* **Task objective**
In the listing that follows, tally the lines containing "einer"; give the count and nothing more.

* **Exercise material**
★ ★ ★

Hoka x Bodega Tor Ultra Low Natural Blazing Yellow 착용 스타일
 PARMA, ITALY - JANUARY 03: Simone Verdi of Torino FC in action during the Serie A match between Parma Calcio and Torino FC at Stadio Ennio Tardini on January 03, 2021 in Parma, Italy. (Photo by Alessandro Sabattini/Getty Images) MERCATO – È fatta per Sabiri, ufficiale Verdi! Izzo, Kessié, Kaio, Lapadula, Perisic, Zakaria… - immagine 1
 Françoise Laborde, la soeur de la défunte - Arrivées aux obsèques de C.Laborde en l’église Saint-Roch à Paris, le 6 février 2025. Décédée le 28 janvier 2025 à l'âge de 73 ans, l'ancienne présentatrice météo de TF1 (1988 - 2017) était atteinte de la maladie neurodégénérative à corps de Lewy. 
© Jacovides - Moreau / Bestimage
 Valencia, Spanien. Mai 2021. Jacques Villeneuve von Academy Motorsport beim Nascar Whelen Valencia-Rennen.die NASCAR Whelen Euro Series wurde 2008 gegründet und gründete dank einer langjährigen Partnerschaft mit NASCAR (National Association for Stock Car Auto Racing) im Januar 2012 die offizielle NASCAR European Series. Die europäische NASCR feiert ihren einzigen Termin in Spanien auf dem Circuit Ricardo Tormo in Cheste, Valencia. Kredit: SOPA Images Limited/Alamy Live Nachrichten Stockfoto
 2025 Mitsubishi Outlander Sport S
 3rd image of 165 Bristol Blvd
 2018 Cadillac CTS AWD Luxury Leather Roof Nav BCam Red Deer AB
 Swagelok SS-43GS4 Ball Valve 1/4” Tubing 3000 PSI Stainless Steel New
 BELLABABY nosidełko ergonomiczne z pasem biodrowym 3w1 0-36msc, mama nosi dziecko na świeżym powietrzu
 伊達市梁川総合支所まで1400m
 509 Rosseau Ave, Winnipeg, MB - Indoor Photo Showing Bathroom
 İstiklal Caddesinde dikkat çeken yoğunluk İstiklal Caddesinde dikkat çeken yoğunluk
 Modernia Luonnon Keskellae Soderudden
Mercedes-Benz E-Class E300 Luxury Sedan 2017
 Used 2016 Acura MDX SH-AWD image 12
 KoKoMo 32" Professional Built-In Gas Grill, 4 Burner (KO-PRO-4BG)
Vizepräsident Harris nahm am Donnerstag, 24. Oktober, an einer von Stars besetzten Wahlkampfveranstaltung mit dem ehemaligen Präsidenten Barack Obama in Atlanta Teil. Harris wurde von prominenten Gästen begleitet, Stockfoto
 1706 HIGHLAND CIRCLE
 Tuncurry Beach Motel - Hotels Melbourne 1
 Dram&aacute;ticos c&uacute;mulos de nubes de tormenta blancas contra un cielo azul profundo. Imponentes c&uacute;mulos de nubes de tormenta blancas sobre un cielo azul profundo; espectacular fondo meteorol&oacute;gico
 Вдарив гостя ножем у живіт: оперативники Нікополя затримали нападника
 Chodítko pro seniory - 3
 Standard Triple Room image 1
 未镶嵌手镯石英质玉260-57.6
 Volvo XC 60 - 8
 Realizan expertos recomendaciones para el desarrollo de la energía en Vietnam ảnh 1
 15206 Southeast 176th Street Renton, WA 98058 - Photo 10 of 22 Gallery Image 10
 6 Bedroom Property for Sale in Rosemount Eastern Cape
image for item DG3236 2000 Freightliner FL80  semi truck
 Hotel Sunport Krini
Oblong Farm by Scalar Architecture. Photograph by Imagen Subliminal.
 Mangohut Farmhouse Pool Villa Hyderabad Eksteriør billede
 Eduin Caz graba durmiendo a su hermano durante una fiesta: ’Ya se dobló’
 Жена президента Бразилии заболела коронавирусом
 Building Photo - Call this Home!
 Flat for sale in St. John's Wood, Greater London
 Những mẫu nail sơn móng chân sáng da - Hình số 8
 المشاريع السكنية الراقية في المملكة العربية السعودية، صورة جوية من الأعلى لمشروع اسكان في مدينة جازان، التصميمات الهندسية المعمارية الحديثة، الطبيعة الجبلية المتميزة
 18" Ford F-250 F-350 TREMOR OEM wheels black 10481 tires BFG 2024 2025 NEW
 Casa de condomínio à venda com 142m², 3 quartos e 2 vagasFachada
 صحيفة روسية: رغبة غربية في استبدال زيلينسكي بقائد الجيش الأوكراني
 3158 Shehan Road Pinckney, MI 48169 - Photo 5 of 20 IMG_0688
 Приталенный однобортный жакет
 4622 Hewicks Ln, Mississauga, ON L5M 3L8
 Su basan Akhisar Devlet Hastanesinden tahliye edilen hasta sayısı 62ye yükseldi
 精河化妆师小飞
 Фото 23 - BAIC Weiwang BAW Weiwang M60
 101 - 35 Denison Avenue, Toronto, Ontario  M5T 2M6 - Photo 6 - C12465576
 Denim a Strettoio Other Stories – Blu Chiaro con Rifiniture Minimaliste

★ ★ ★

* **Task result**
2